Soon enough, you get used to the larger formation of pieces, or groups. When you reach single digit kyu ranking, a stone is silly. Who cares about a stone? In fact, who cares about five stones? Not when a group of twenty stones is on the line. Focus becomes shifted one deeper. The game is no longer about how someone could capitalize on destroying stones, but threatening stones together. This is where the true concentration on the importance of life and death materializes. Most will spend years in this focus: is this group safe? Can I kill that group? The battles are put aside for the war. The mind games have yet to come, however.
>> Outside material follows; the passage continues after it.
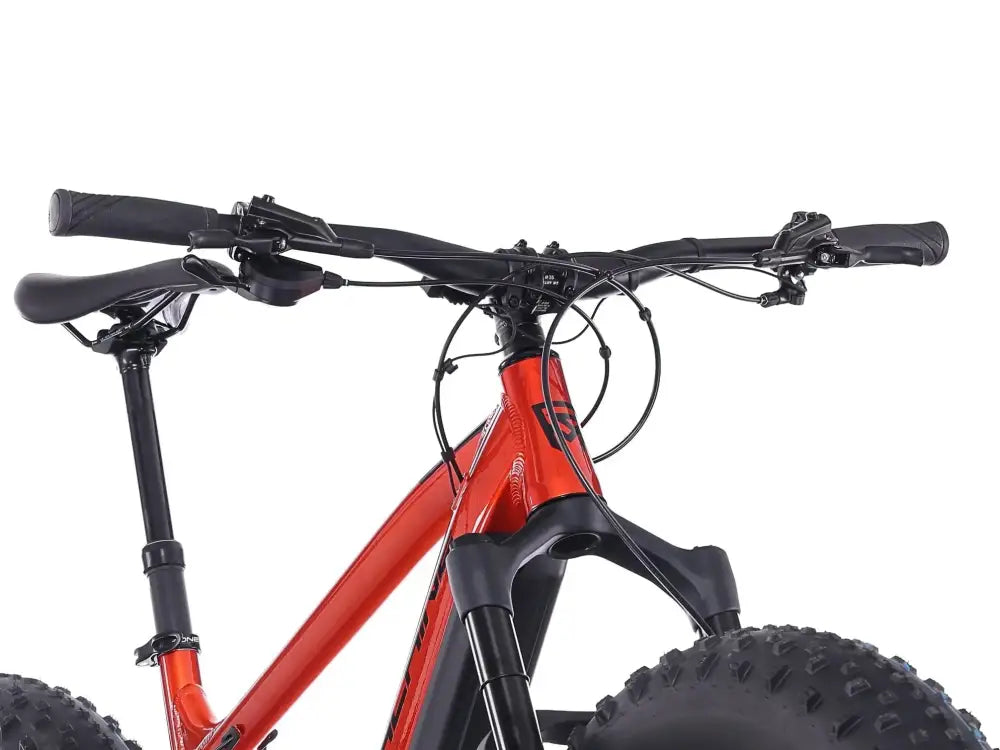 Rock machine vyöry e90 punainen ja musta maastopyörä, virtaviivainen runko, nastarenkaat ja ergonomiset kahvat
What is the next stage of focus? What could possibly be more important than the life and death of huge groups of stones (and territory, of course)? Well, the answer to this lies in the derivative. If you’re a math junkie, you could equate this with focusing on the rate of the rate of change rather than the rate of change. Perhaps if you like finances, you know about stock options. Instead of investing/speculation on values of stocks, you’re investing/speculating on values of instruments that are hinged on the change in the values of stocks. Instead of focusing on threatening groups, you will be focusing on threatening to threaten groups. A lot can be accomplished by threatening to kill a group and not even try to kill it directly, so it becomes a war of being able to threaten a group!
This is the mind game. At what point are you in danger of being threatened with death? How about threatening the opponent with death? You are no longer dealing with attacking stones or attacking groups, but threatening to attack.
Are there further stages of focus? Do they ever end?